The relationship between MS and insulin resistance was strong as suggested by previous reports (Sierra-Johnson et al., 2006). Regarding the APOA2 locus, several associations with obesity, insulin-resistance (IR) and diabetes have been reported in both animal (Castellani et al., 2001, Castellani et al., 2004) and human studies (Elbein et al., 1999, Vionnet et al., 2000, Xiang et al., 2004). Type 2 diabetes has been linked to chromosome 1q21–24 in several populations, supporting a role for the APOA2 gene (located in 1q23) as a potential candidate; however, this association is still controversial. The present study showed that the CC polymorphism is associated with the development of IR [OR 1.89 (1.35–2.91), P = .012] and remains significant after adjusting for gender, age and BMI. Moreover, it was found that the overexpression of APOA2 in these mice increased IR as demonstrated by 2–3 fold higher fasting insulin levels and a delayed clearance of glucose bolus (Castellani et al., 2001). These results were consistent with the other observation (Weng and Breslow, 1996) in homozygous APOA2 knockout mice. APOA2 deficiency was associated with lower HDL, free fatty acid, glucose, and insulin levels, suggesting an insulin hypersensitivity state. More targeted mechanistic studies using these experimental models have confirmed the role of APOA2 in IR (Sauvaget et al., 2004).

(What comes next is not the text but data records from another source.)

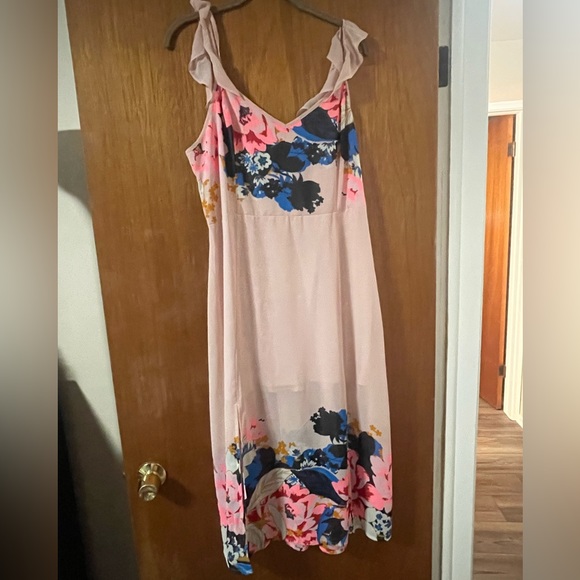 Express Dresses & Skirts - Express Blush and Navy Floral High Low Dress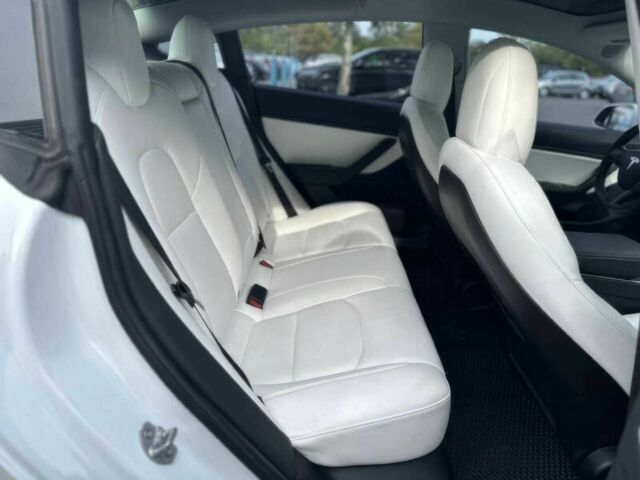 Білий Тесла Модель 3, об'ємом двигуна 0 л та пробігом 35 тис. км за 6900 $, фото 10 на Automoto.ua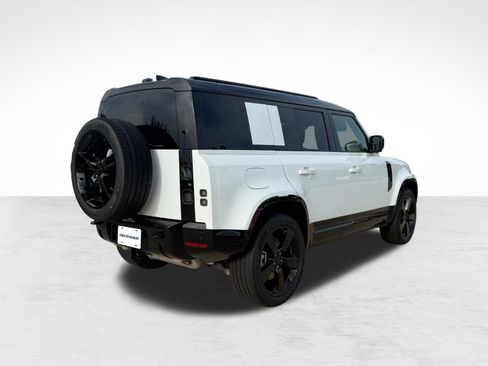 New 2026 Land Rover Defender 110 X-Dynamic SE AWD/4WD image 9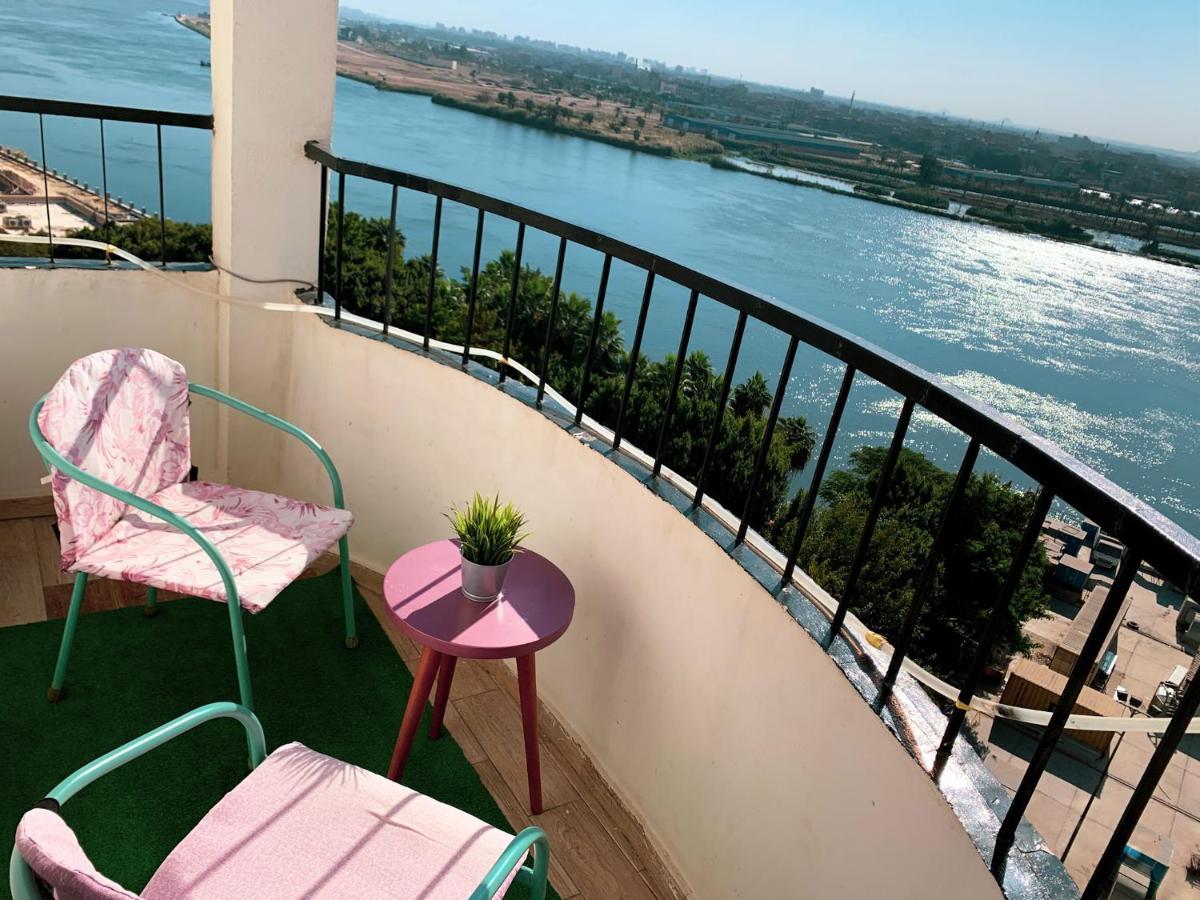 Nile Pyramidal View Apartment El El Cairo Exterior foto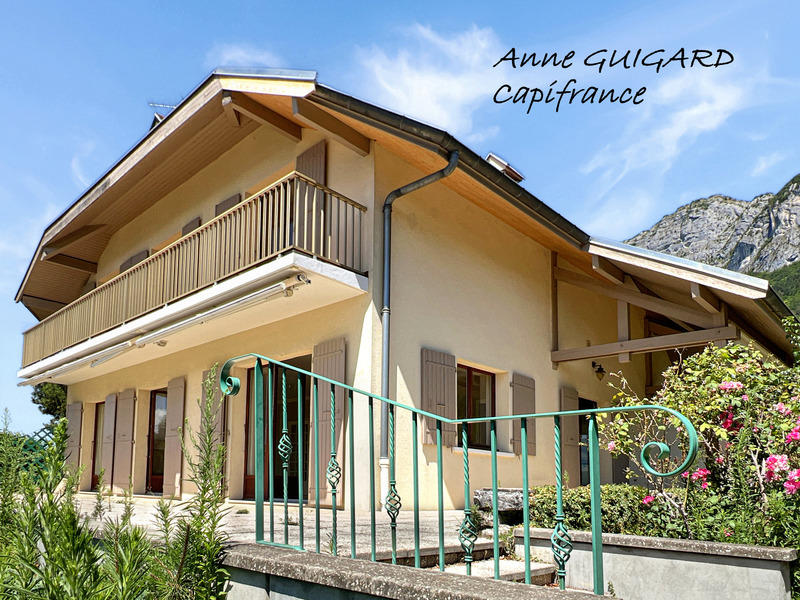 Maison - 151 m² - 6 pièces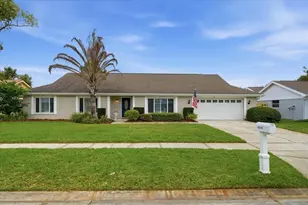 12212 Snead Pl, Tampa, FL 33624 - Photo 1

In summary, the present study emphasized that the homozygous individuals for the APOA2 − 265CC allele had higher obesity risk than carriers of the T allele. The functional polymorphism representing a T-to-C substitution at the − 265 position of this gene is associated with visceral adipose tissue and food consumption. Moreover, the study showed that the CC polymorphism is associated with the development of IR and remains significant after adjusting for gender, age and BMI.